Mascotte considers expanding city limits
Source: OrlandoSentinel.com, by Robert Sargent
December 17, 2007
The City Council tonight is scheduled to hear 3 annexation requests that would add 1,800 acres.
MASCOTTE - This small south Lake County city is looking to annex nearly 3 square miles of land on its north side.
If approved, the addition will bring in a huge swath of rural land -- much that later could be proposed for development. And Mascotte would be very close to touching borders with the quickly encroaching city limits of Leesburg.
The City Council is scheduled to consider three different land-annexation requests tonight totaling 1,800 acres. A final vote could be Jan. 7.

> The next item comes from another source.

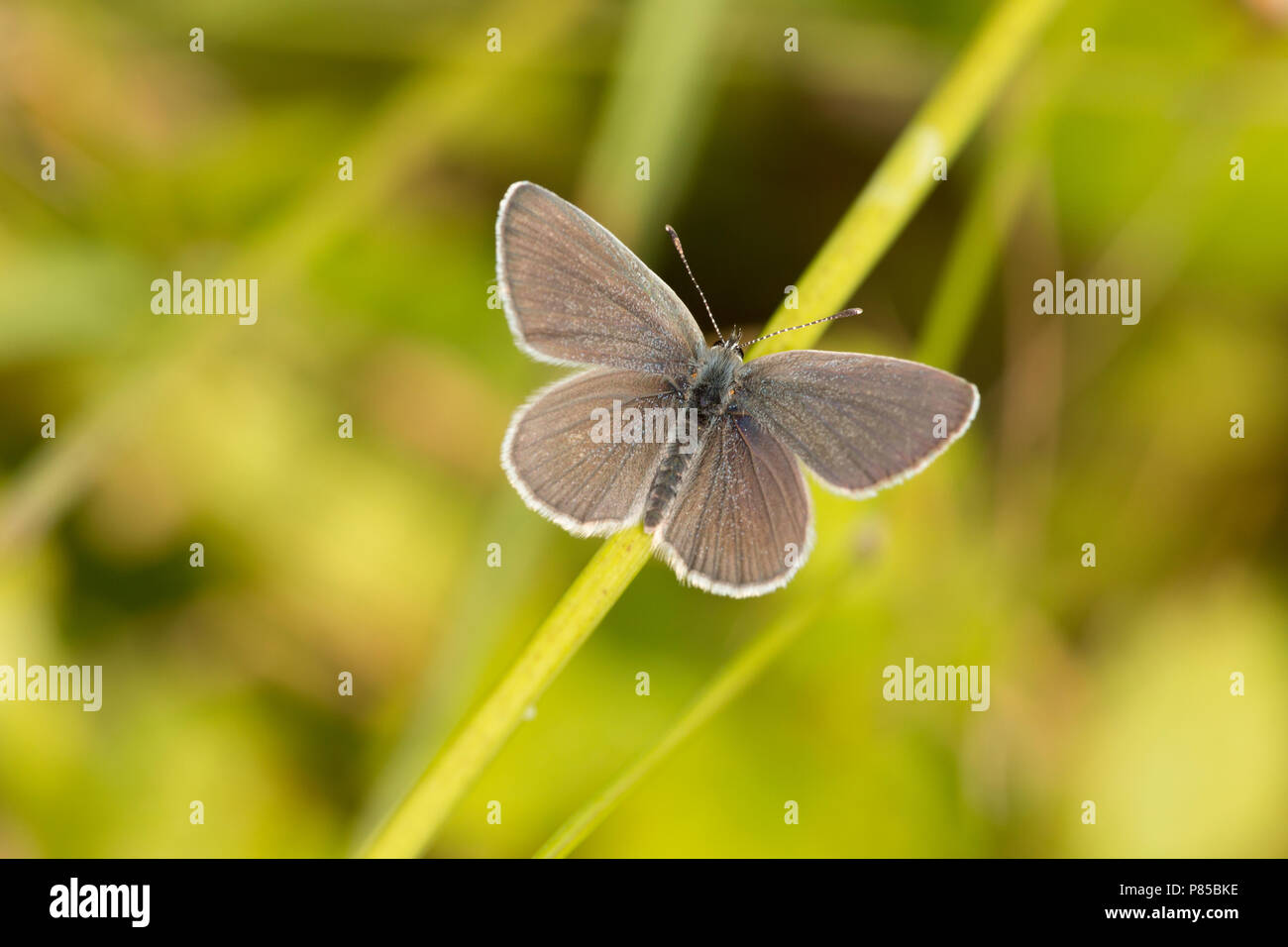 Un petit papillon bleu, Cupido minimus, réglé sur la végétation dans une zone calcaire près de Chalk grasslands pendant la canicule 2018 UK. Photo montre sma Banque D'Images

Orlando-based Maury L. Carter & Associates has asked Mascotte -- a city of about 5,000 residents -- to annex two properties on its north side, according to city records. A 1,300-acre tract touches County Road 33 to the east and Austin Merritt Road to the north. A second 285 acre tract is along Tuscanooga Road west of Mascotte.
The Florida State Baptist Missionary Foundation Inc. also is asking the city to annex 265 acres east of C.R. 33. City Manager Marge Strausbaugh said that property -- a Baptist youth camp -- could help to bring Mascotte closer to even more land that the city could annex later.
"There is another 400 acres north of the youth camp," Strausbaugh said.
The huge properties would be the latest of several massive expansions for Mascotte, which for years remained outside the influence of south Lake's rapid growth, in part because the state Department of Community Affairs would not allow the city to approve any large communities without first updating its comprehensive-development plans.
Last year, Mascotte annexed nearly 4 square miles of land for up to 454 homes proposed in the Tuscanooga development near C.R. 33 and Tuscanooga Road. Other property owners also jumped in.
Mascotte and state planners spent months wrangling over a proposal to overhaul the city's comp plan. But in July the state complied with a deal, which also included proposals for 15 new residential projects targeted for about 4,000 future homes. Those developments alone would triple Mascotte's population.
To accommodate the growth, the city is expanding its water utilities. Officials also are working on plans for their first wastewater-treatment plant, which could be built in two years.
The meeting starts at 6:30 p.m. at the civic center, 121 N. Sunset Ave.